Savoie and Searle are not economically marginalized; their business has provided them with a comfortable living. Nor are queer story lines absent from musical theatre. But they are unapologetically elderly—Searle is in his 80s, Savoie a decade younger—and if the old are underrepresented in popular culture, gay seniors are so rarely seen as to be invisible.
“In our community, we often forget about our elders,” Mackenzie says. “AIDS wiped out a large, large portion of gay men that would otherwise have been a link between generations.…Young gay people don’t have the opportunity to learn about their history and the battles that came before them, because it’s hard to meet older queer people. So, for me, this is the interesting thing. For me, the café is the physical tie between generations—and that sort of represents the marginalized. It’s a story that we don’t often hear.”
Complicating and enlivening the process of creating Elbow Room Café: The Musical is that the two theatre artists consider Savoie and Searle friends, as well as role models. Enacting real lives on-stage is problematic enough; portraying friends must be even more daunting.
“I don’t know that I would necessarily take on giving voice to someone in the community who I didn’t have the kind of admiration for and access to that I have with those two,” says Deveau, noting that he and Mackenzie were given full access to the older couple’s extensive archives. Through them, he adds, the production team learned that the Elbow Room is more than just a fascinating success story: it was also a site of comfort and resistance during the worst days of the AIDS crisis.
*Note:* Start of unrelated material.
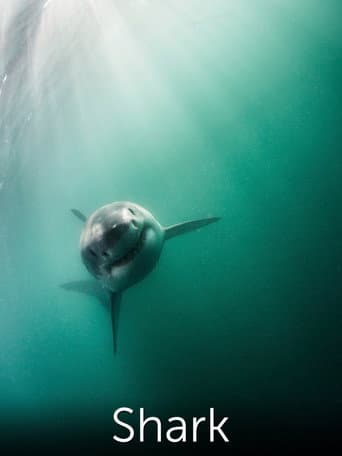 Watch Shark: Beneath the Surface free online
“I was born in the ’80s, so I’m not speaking from firsthand experience,” Mackenzie says. “But the fact is that Patrick kept folks who had been infected with HIV working until they decided they weren’t ready to work. The fact is that he was not going to follow suit with what a lot of other businesses were doing: at the first sign of somebody being sick, they were being dismissed, regardless of how capable they were. The fact is that Patrick was honouring his community and treating them with dignity.”
And the fact is that, to date, the Elbow Room has raised almost $100,000 in donations to A Loving Spoonful, a local charity that provides nutritious meals to people living with HIV. (If diners don’t clean their plate, they’re sure to be guilt-tripped into making a donation by the persuasive, and persistent, Savoie.)
Yes, he and Searle present a perverse and puzzling public front, but there’s a sweetness behind all the banter. “One of my favourite lines in the play,” says David Adams, who plays Searle to Allan Zinyk’s Savoie, “comes when Jackie, one of the girls, turns to Patrick and says ‘Well, do you actually like each other?’ And he says, ‘Only when no one is looking.’ ”
“They can get away with serving so much lip,” Deveau adds, “because it’s underscored by just tremendous heart and caring for the community.”
And it’s exactly that kind of heart that Mackenzie hopes will drive Elbow Room Café: The Musical. “If people leave the theatre singing and feeling like they’re a part of something bigger, that’s exciting,” he says. “I always want people to leave entertained and happy, but maybe having learned something.
“I want people to experience the differences between us and honour those differences,” he adds. “But I also want them to realize that we’re actually all human, and the differences that we think divide us are kind of inconsequential.”
The real-life Savoie would no doubt put it less politely—but regardless of their politics or sexual orientation or attitude, everyone would still get fed.
Elbow Room Café: The Musical runs at the York Theatre from next Thursday (March 2) to March 12.